=== What to work on ===
Give back, exactly and with nothing else, the lines running from the one that contains "this 1568×330 image." to the end of the entries below; do not include pictures.

*** Opening Information ***

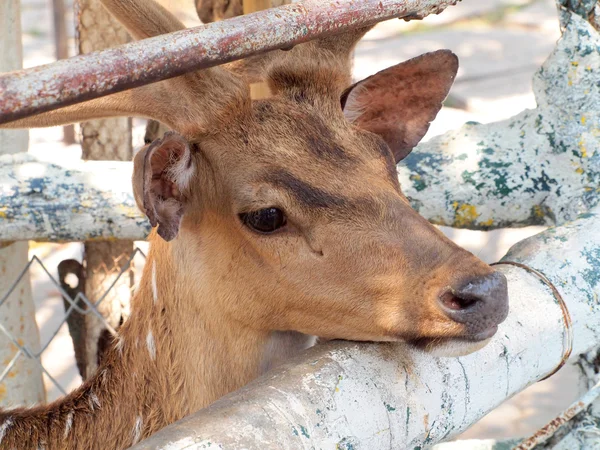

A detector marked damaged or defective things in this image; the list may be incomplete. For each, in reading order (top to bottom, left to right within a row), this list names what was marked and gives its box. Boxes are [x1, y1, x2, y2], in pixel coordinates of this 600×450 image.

red rusted pipe [0, 0, 460, 125]
rusty metal pipe [0, 0, 460, 125]
peeling paint on pipe [0, 0, 460, 125]
peeling paint on pipe [398, 13, 600, 232]
peeling paint on pipe [134, 208, 600, 450]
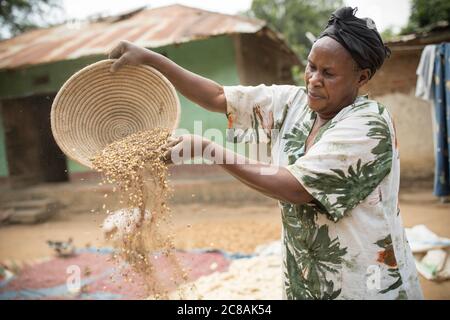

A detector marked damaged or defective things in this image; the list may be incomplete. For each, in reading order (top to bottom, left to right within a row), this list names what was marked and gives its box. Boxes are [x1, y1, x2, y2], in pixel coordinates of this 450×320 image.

rusty metal roof sheet [0, 3, 298, 70]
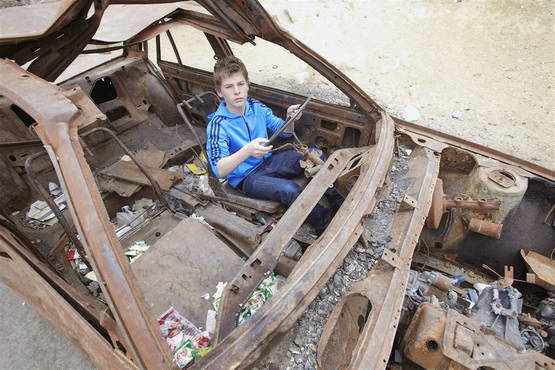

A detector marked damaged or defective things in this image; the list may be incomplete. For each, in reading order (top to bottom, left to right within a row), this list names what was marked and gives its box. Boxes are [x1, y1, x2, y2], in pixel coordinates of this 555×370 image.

rusted car part [0, 224, 135, 368]
rusted car part [0, 59, 174, 368]
rusted metal panel [0, 60, 174, 370]
rusted car part [214, 145, 364, 342]
rusted metal panel [195, 114, 396, 368]
rusted car part [198, 114, 394, 368]
rusted car part [318, 146, 444, 368]
rusted car part [426, 178, 504, 228]
rusted car part [404, 304, 555, 370]
rusted metal panel [404, 304, 555, 370]
rusted pipe [470, 218, 504, 238]
rusted car part [520, 250, 555, 294]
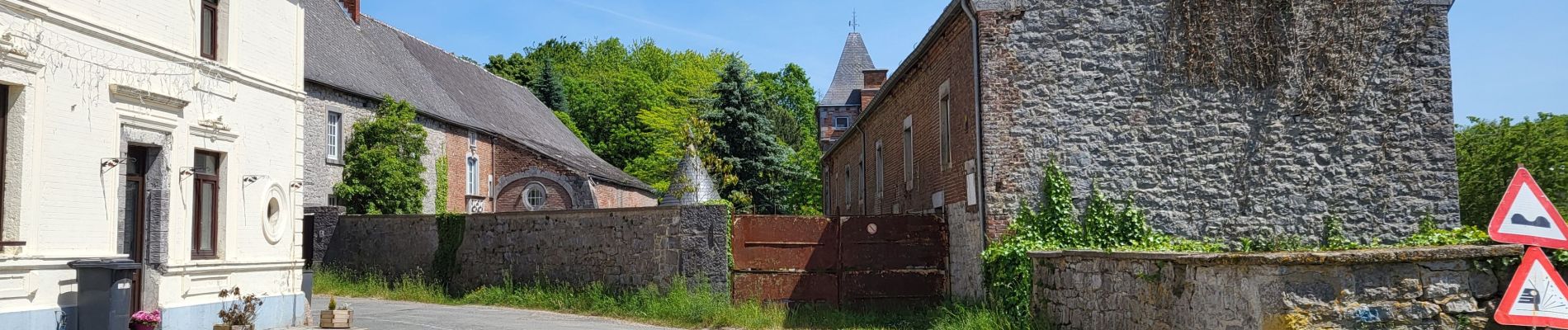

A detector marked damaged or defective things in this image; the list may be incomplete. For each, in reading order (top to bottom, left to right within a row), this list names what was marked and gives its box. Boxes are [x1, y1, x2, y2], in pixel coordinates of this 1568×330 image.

rusty corrugated panel [727, 271, 840, 304]
rusty corrugated panel [730, 215, 840, 271]
rusty metal gate [730, 214, 941, 306]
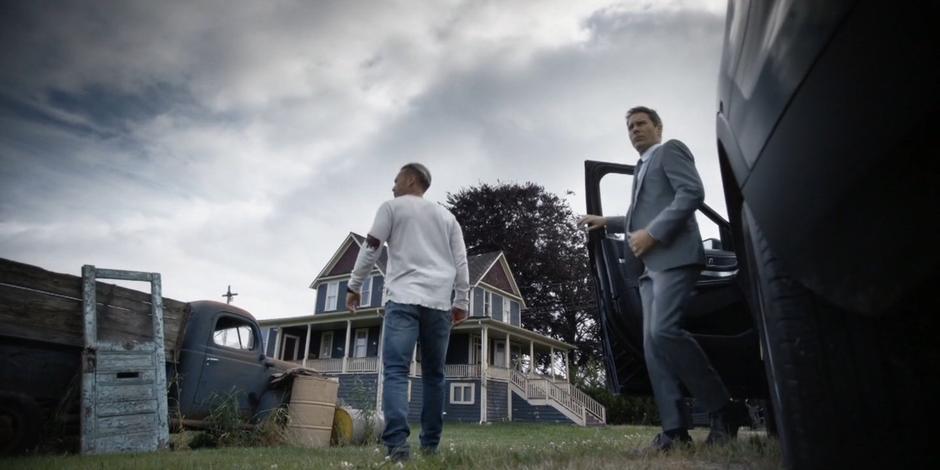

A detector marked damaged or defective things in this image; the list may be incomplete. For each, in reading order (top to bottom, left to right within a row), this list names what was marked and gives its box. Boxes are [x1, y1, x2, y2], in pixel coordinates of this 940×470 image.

old rusty pickup truck [0, 258, 294, 454]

*** Closing Information ***

=== Answer area ===
A detector marked damaged or defective things in this image; the list may be incomplete. For each, in reading order (top to bottom, left to right within a row), this list names what was marked and gives its box. Boxes are [x1, y1, x2, y2], in pixel coordinates of this 1568×330 image.

rusty corrugated panel [727, 271, 840, 304]
rusty corrugated panel [730, 215, 840, 271]
rusty metal gate [730, 214, 941, 306]

A detector marked damaged or defective things in this image; the list may be incomplete. For each, in reading order (top to bottom, left to right within a row), this list names what was marked and gives its box. Boxes are [x1, y1, x2, y2], in pixel coordinates of this 940×470 image.

old rusty pickup truck [0, 258, 294, 454]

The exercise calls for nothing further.